As Quinn loses track of Stillman, he finally seeks out the real Paul Auster. After tying his own identity to his, he hopes to find the true detective who can solve his dilemma, but he is met with a pen (Fig. 5). Auster is the man whose name he has appropriated up to this point in the story, and, as it turns out, he is simply a writer just like himself. Auster is writing an essay about the authorship of Don Quixote when Quinn meets him, and it is this intertextual relationship between City of Glass and Don Quixote that adds yet another layer to Quinn’s identity. Of course, Daniel Quinn and Don Quixote share initials, but, as pointed out by Wuggenig, the protagonists of both City of Glass and Don Quixotetry to make sense of the world by the use of literature through producing or consuming it. Through literature, they can develop a double identity which allows them to escape from the real world” (Wuggenig 37). Both protagonists suffer from identity crises, yet escape through reading or writing. 

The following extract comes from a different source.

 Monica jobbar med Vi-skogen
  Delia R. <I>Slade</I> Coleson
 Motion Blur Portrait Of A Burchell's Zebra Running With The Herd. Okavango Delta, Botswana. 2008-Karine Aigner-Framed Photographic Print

Figure 5. Karasik and Mazzucchelli, City of Glass, p. 88, panel 1

Karasik and Mazzucchelli have drawn Paul Auster in a more detailed art style than other characters in the comic, to resemble the real-life author Paul Auster, and to stand in contrast to the simplified Quinn. He acts as a foil to Quinn, possessing the family and happiness that he once had. Auster’s young son resembles the son that Quinn lost, playing with a yo-yo just as Quinn’s son is in the picture shown of him at the beginning of the graphic novel. Karasik and Mazzucchelli have once again blurred the lines between characters, the two boys being so similar that we are led to question whether or not Quinn is just seeing the boy as his own son due to the grief constantly threatening to pour out of him. Quinn shares a first name with the boy. His son shares a first name with Peter Stillman Jr., who he resembles a great deal, and who Quinn first took on this quest in order to protect. Names and identities intersect in such a way that we are reminded of Stillman’s quest to find the ideal name for everything and wonder if this would save Daniel Quinn from the madness he succumbs to.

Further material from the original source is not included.